In Unity, and in the mystical heart of all major religions, Oneness emerges as a supreme foundational tenet. The notion that we are not isolated creatures but inseparable and at one with a universal spirit is at the core of many faiths.   How ironic that a belief in oneness is a common denominator across the battleground of religious beliefs that are often comprised of bitterly embedded camps of righteousness, which go to war over their individuated differences.  While Oneness reigns as a supreme ideal,  our everyday behavior suggests that separation is the prevailing perception and practice.

Across the faith traditions of the majority of the world's population prevails an idea that ultimate reality is a union of opposites. Even in the Garden of Eden story, the problem of Adam and Eve (the fall) is sparked by a decision to partake in the knowledge of good and evil - a choice that brings the suffering of duality over the perfect Oneness and Goodness that preceded it.
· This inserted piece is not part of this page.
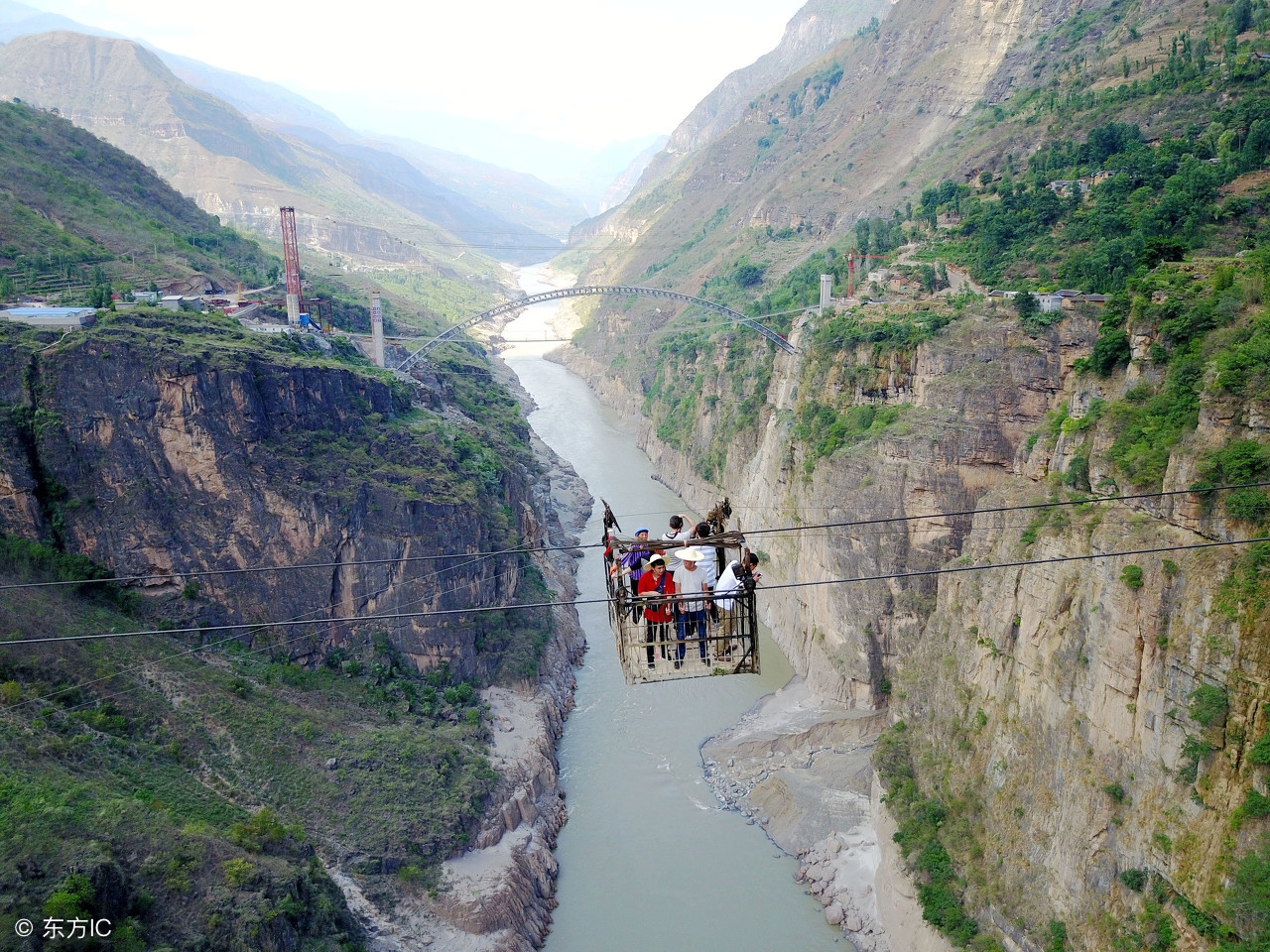 "亚洲第一高溜索"鹦哥溜索服务云南,四川民众近20年,如今荣休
At the personal level, you and I make this choice in every moment; choices that separate us from Supreme Reality, and the oneness that is within us and all around us. Such choices do not cause an actual separation of course, since it is impossible to be apart from our Essence, yet these choices create the experience of separation.  That's quite enough for us to create a world of opposites, of lack, limitation, right and wrong, you and me, them and us, have and have not; all the ingredients that have us clamoring and dueling over our share of the good.  It could be said that a dualist must become a duelist. While this illusion is being played out through a separate sense of self, in truth we remain in union with an all providing Source that supplies our every need.
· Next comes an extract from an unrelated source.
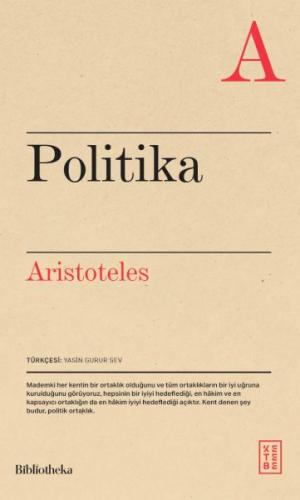 Politika - Aristoteles - Ketebe Yayınları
So how do we find our way back to this Unity consciousness, which is the cherished destination of all spiritual paths? One way is to deconstruct the false self that we've created; a self that we define and identify through bits and pieces of our personal reality.
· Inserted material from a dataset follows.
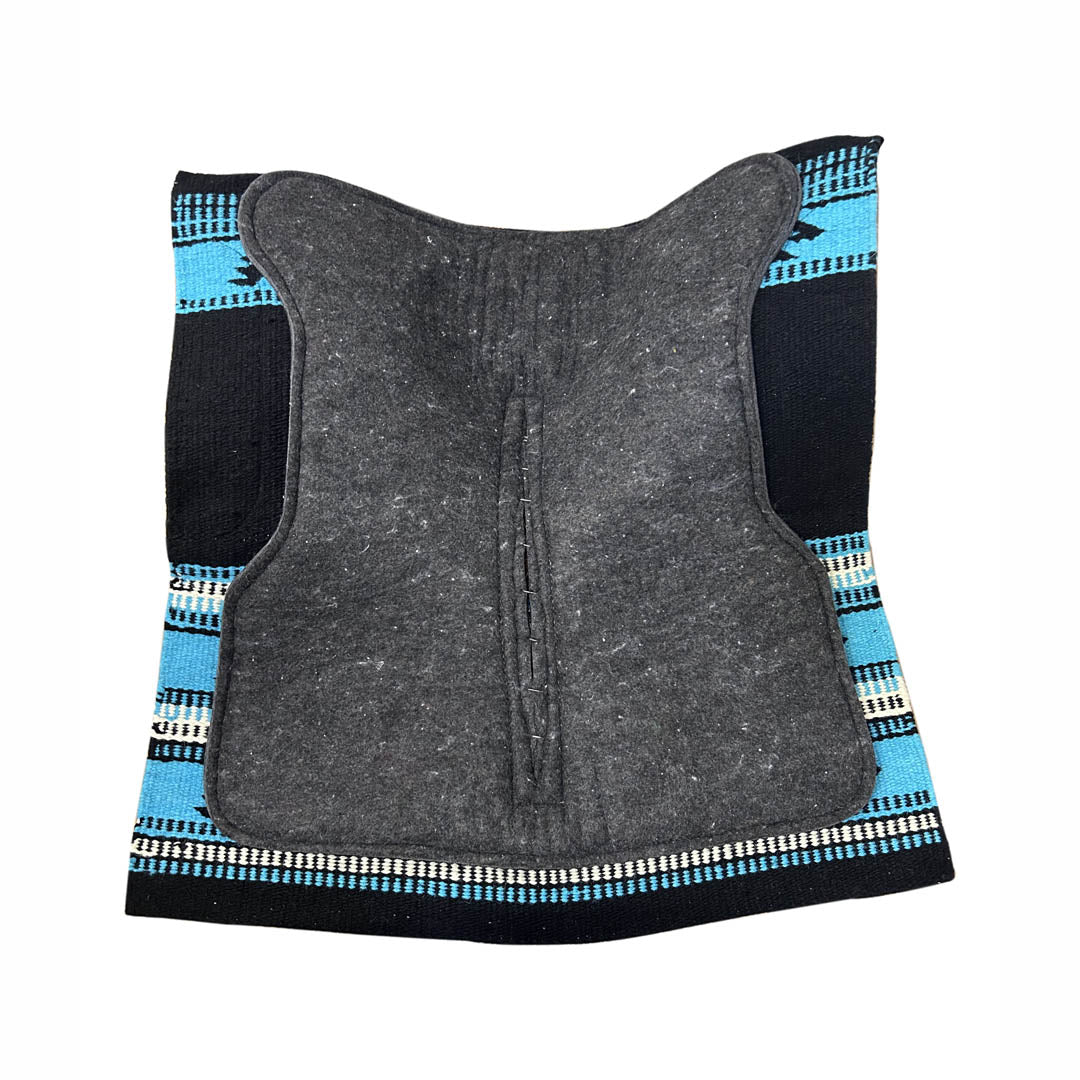 TuffRider Single Weave Western Saddle Pad 34" X 36" - Breeches.com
When we answer the question, who am I, our initial instinctive responses reflect our beliefs about who we think we are.  We identify with our body, our careers, our desires, our emotions, and our thoughts.  We readily attach our "I am" to superficial descriptors, such as Caucasian man, Asian woman, plumber, teacher, sad, glad, curious, anxious, wealthy, or wounded. These become our identities. They define us, and close off our awareness to the self that has no boundaries, no defining edges, no separate sense of itself.

When we can begin to release these labels, we begin to dissolve the distinctions that wall off our connection with the allness of life.  Here's a process:  Recite these phrases in a contemplative fashion, realizing the significance of these insights as you say them:

I have a body, but I am not my body
I have desires, but I am not my desires
I have emotions, but I am not my emotions
I have thoughts, but I am not my thoughts.

The very act of noticing these aspects of yourself puts you in touch with a self that can observe characteristics that you've formerly believed comprised your whole identity.  What can be seen and felt cannot be the true seer.  As you witness these aspects of yourself, you are less likely to identify and define yourself by them. This awareness moves us closer to unity consciousness, which as St. Paul noted, is living, moving and having our very being in Divine Presence.